On the other hand, Operation Uranus, the attack at Stalingrad, threatened to eviscerate the entire German position in Russia. The suddenly threatened forces in the Caucasus were too involved in their own withdrawal to assist the now surrounded Germans in Stalingrad. No significant reserves were available elsewhere in Russia or anywhere else under Nazi rule. The garrison’s faint hopes ended definitively on December 16, when the Soviets responded to their initial success in that sector by launching a modified version of Operation Saturn. “Little Saturn” belied its name: it involved thirty-six rifle divisions, over a thousand tanks, and five thousand guns and mortars. As Soviet tanks and cavalry ran wild in the virtually undefended German rear areas, Field Marshal Erich von Manstein made a decision.
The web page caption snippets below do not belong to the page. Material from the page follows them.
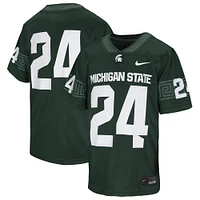 Maillot de football réplique vert pour tout-petits Nike #1 Michigan State Spartans Untouchable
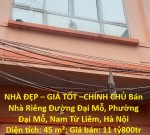NHÀ ĐẸP – GIÁ TỐT –CHÍNH CHỦ Bán Nhà Riêng Đường Đại Mỗ, Phường Đại Mỗ, Nam Từ Liêm, Hà Nội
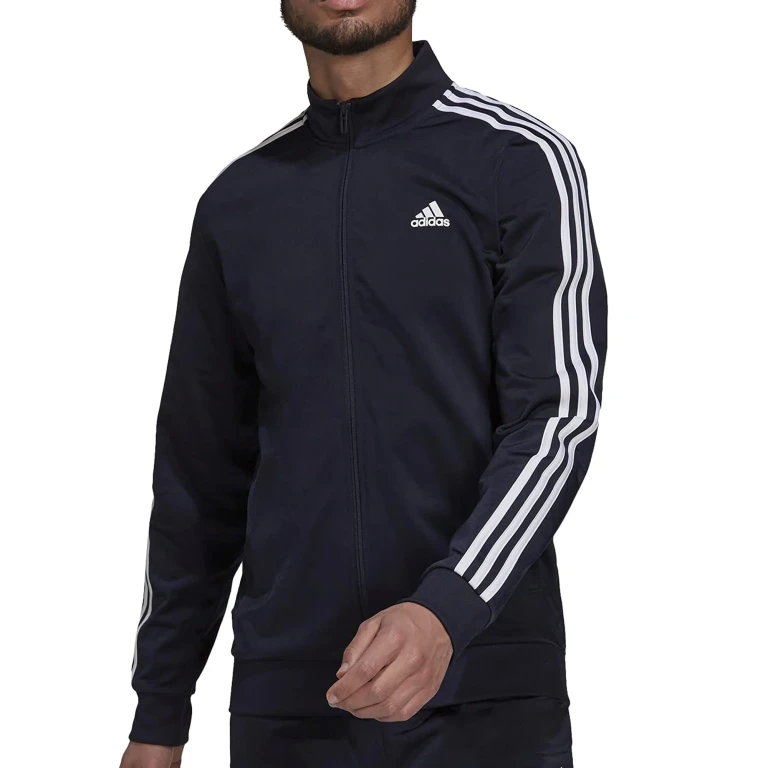 Men's Essentials Warm-Up 3-Stripes Track Jacket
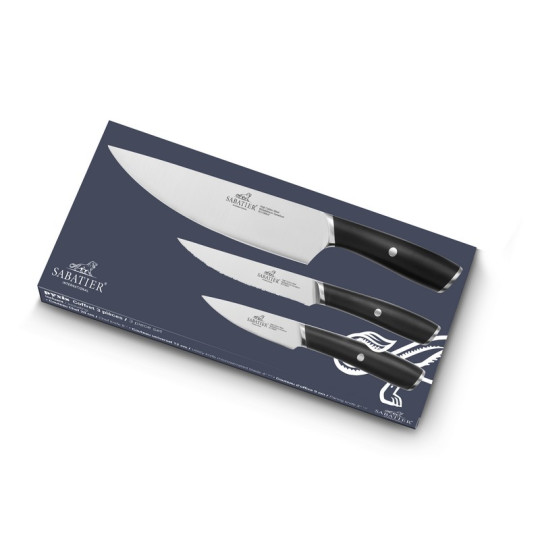 Set de 3 couteaux SABATIER Pyxis Chef, Universel et Office acier
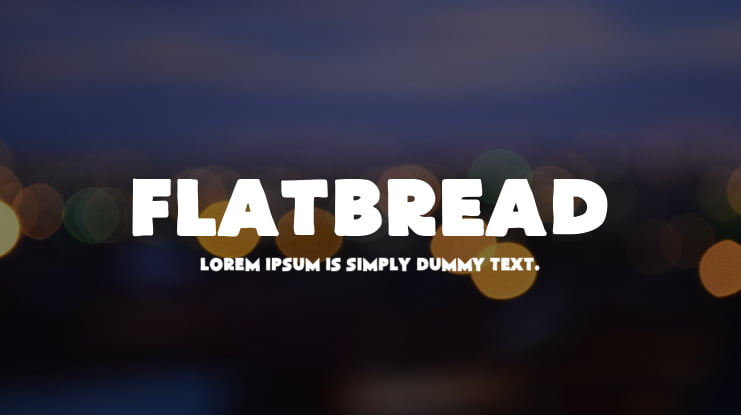FlatBread Font Family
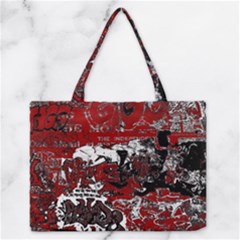 Graffiti Zipper Medium Tote Bag by ValentinaDesign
One of Germany’s outstanding experts on armored war, Manstein had been given command in the Stalingrad sector because earlier in the Russo-German War he had earned a reputation as a troubleshooter from Leningrad to Sebastopol. By December 19, it was clear to him that Stalingrad could not be relieved. The best hope of salvaging the situation involved sacrificing territory—most of the territory, in fact, gained during the entire summer campaign.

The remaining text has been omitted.